NFL ruled by QBs in 2020, Zach Ertz watch, Chiefs keep core and more

The 2020 NFL season will be remembered for its oddities, but also for a bevy of big-name quarterbacks having notable moments.

Every NFL season is disproportionately influenced by its star quarterbacks. This one will simply have a more historical hue to it.

A quick glance around the league reveals what will be a major storyline throughout the campaign. Across both conferences, there are future Hall of Fame quarterbacks potentially playing their final seasons. There are terrific talents who could be gearing up for a wardrobe change come 2021, while others are veteran in new homes, hoping to find a bit more magic.

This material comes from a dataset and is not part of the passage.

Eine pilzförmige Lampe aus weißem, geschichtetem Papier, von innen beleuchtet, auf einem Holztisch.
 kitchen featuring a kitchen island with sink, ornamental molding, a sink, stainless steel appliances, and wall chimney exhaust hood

In New Orleans, Drew Brees is likely playing his last year. The Saints are Super Bowl contenders and Brees, 41, is clearly winding down. Arguably a top-10 all-time quarterback, Brees could move into rarified air with a second title. Without one, he’s still cemented as a champion, but the final half of his career is overshadowed by crushing postseason exits.

The Pittsburgh Steelers are hoping Ben Roethlisberger isn’t finished after major elbow surgery. This isn’t uncharted territory for the franchise, as Hall of Fame signal-caller Terry Bradshaw attempted to do the same in 1983, only to last part of one game at Shea Stadium before throwing his last pass.

Roethlisberger has two years remaining on his deal, but if the elbow barks, the avenue to continue may be closed off for the 38-year-old.

In the NFC North, only Kirk Cousins can feel safe beyond 2020. Aaron Rodgers shares a locker room with his eventual replacement in Jordan Love. While it’s highly unlikely Rodgers is done with the Green Bay Packers after this season, it’s possible if injury allows Love an opportunity and he shines.

The Detroit Lions could well be seeing their final season with Matthew Stafford. The 32-year-old can be moved next offseason with the team recouping $34 million over there following two years. If Detroit falters and is within range of Trevor Lawrence, Trey Lance or Justin Fields, it’s a likely scenario.

Of course, Dak Prescott and the Dallas Cowboys have been well-written about in this space, but it’s a juicy subplot to the year. If Prescott flourishes, Dallas will either have to tag him for $38 million come March, or allow him to hit free agency. Choices abound for owner Jerry Jones.

Finally, what of Derek Carr and his Las Vegas Raiders? Head coach Jon Gruden has never seemed particularly enamored with his starting quarterback. If Las Vegas doesn’t play well — whether it be the fault of Carr or his leaky defense — general manager Mike Mayock may move on this winter, saving nearly $20 million in the cap-tight 2021 season.

Then there’s the old faces in new places.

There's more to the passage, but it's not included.